This House Is Home 2
Everywhere there are scars. With a dear, elderly family member, one you've watched age, you know all too well what the folds of skin hide, the scars and liver spots and signs of roads travelled roughly and wih an eye for passers-by.
And so it is with this house: the old wavy glass bubbled and fractured in its agonizing, inexorable flow to ground; the signs of rot, new and old, around the corners of things; the imprints of towel racks and toilet lids smoothed but not obscured by coat upon coat of paint; pits in the walls and floors; gouges in doorjambs. Around the rims of rooms the floor is dotted with the little footprints, hasty and frenetic, of old carpet tacks. The edges of windows, too high to touch, darkened with the pocks left by a century of makeshift window treatments.
This afternoon, mounting a tricky bathroom mirror while awaiting a furniture delivery, I caught a glimpse of the back of my hand as I placed a screw and moved the drill into position. Its back, pale and bluely mottled, was brilliant in the bathroom light, and on its back -- which perhaps I do not know so well -- were perhaps a dozen small brown spots, not quite liver spots or moles, certainly not freckles just . . . spots, perhaps visible only to me (at least now, when no one else is looking that closely).
My father's hands wear a proliferation of like anomalies, perhaps harbingers of the melanoma that favors my paternal family. My hands. His hands. How many times have I seen him in just this posture? A hundred work sites, as many jobs or more, and those brown-spotted hands creating beauty from nothing even as they aged before my eyes.

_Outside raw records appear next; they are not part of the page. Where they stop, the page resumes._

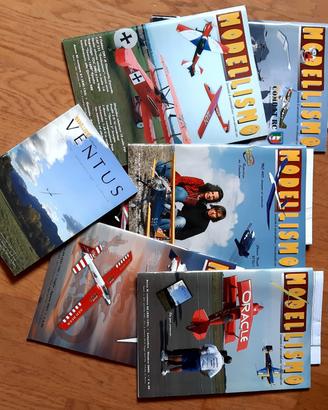 rivista MODELLISMO dal 61 al 66 (tutto il 2003)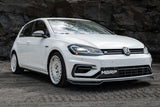 Volkswagen Golf R 15-19 Armor Pro Series - Carbon Fiber Tips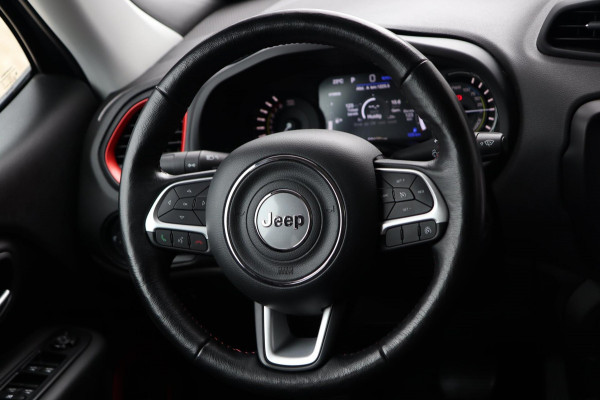 Jeep Renegade 4xe 240 PHEV Trailhawk / KEYLESS / DODEHOEK / CAMERA / STOEL+STUURVERW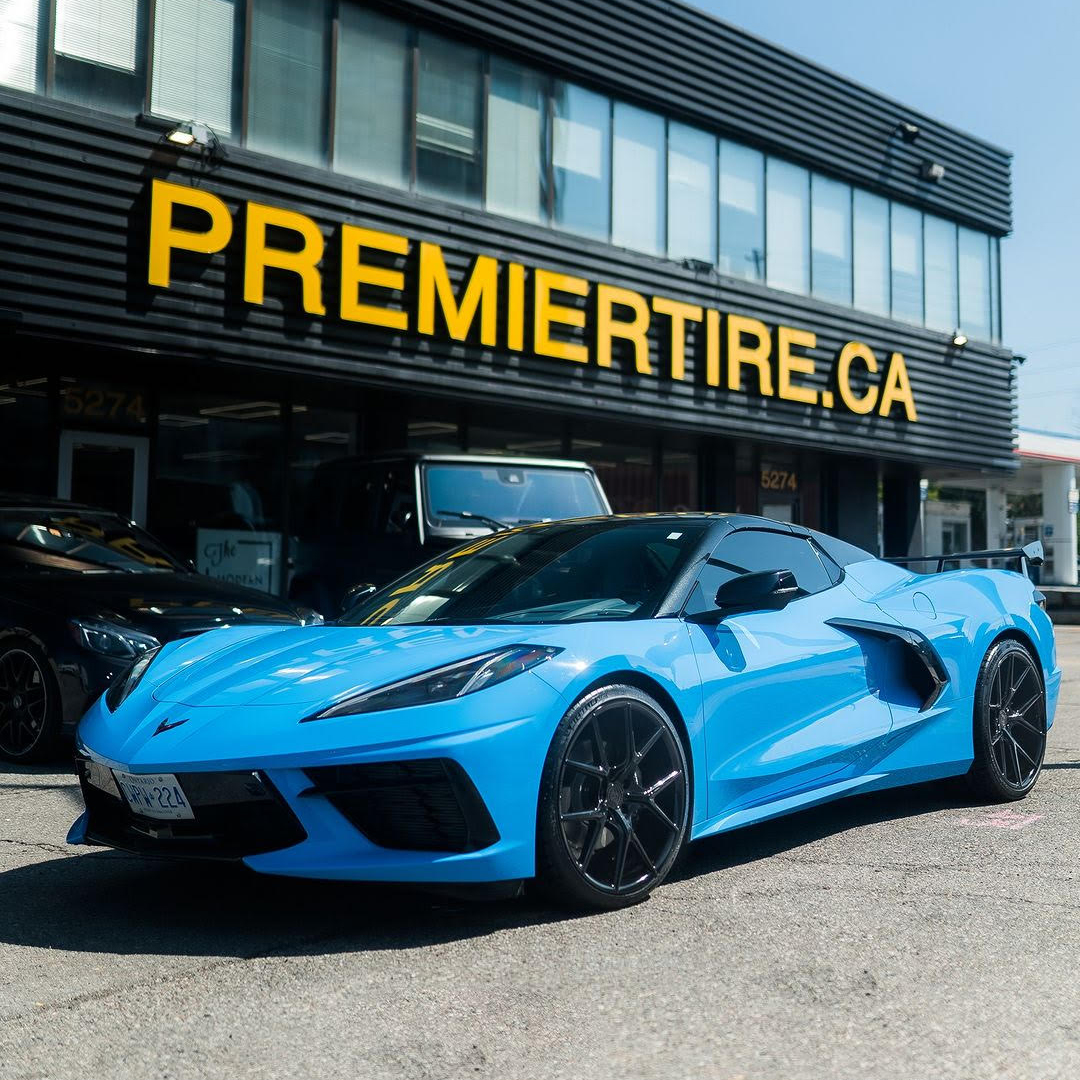 C8 on Tec S2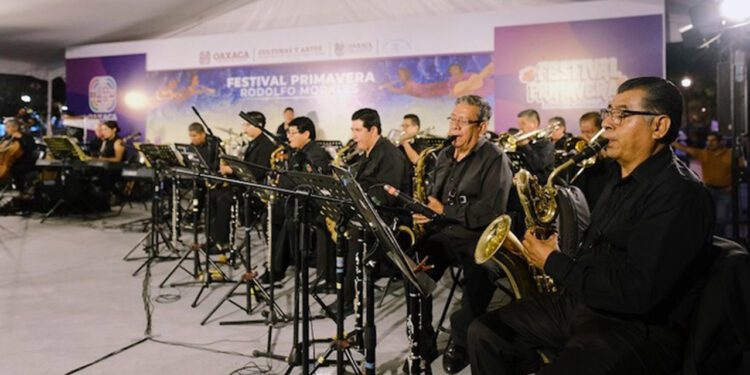 Las actividades culturales del Festival Primavera Rodolfo Morales son gratuitas y abiertas al público.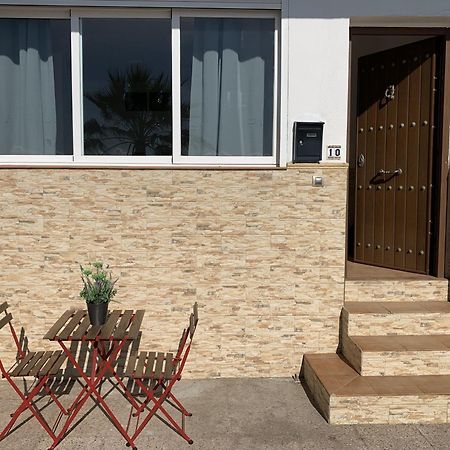 Apartamento Frente Al Mar Pedregalejo Малага Екстериор снимка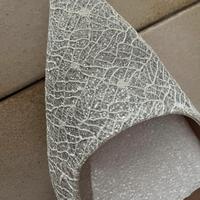 DECOLTE’ COLOR ARGENTO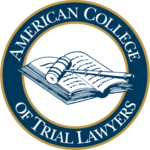 American College of Trial Lawyers logo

In over twenty-four hours since I last wrote, my hands have installed one small thing, assembled something unthinkably large, a double-wide wardrobe so imperious that it would ruin almost any room -- but not this one. Three or so hours of two-man teamwork followed by another four hours of solo toil -- go to your room without supper! -- and there it stands, and there . . . and, yes, there.
It works. My hands work, as do my father's. And of course this house seems to work, too. Even if I find myself longing for bread crumbs to trail behind me when I move around. I'm like a prisoner acclimated to cell life, or a crate-trained dog: the ritual of three rooms arranged just so has a tenacity that won't be denied.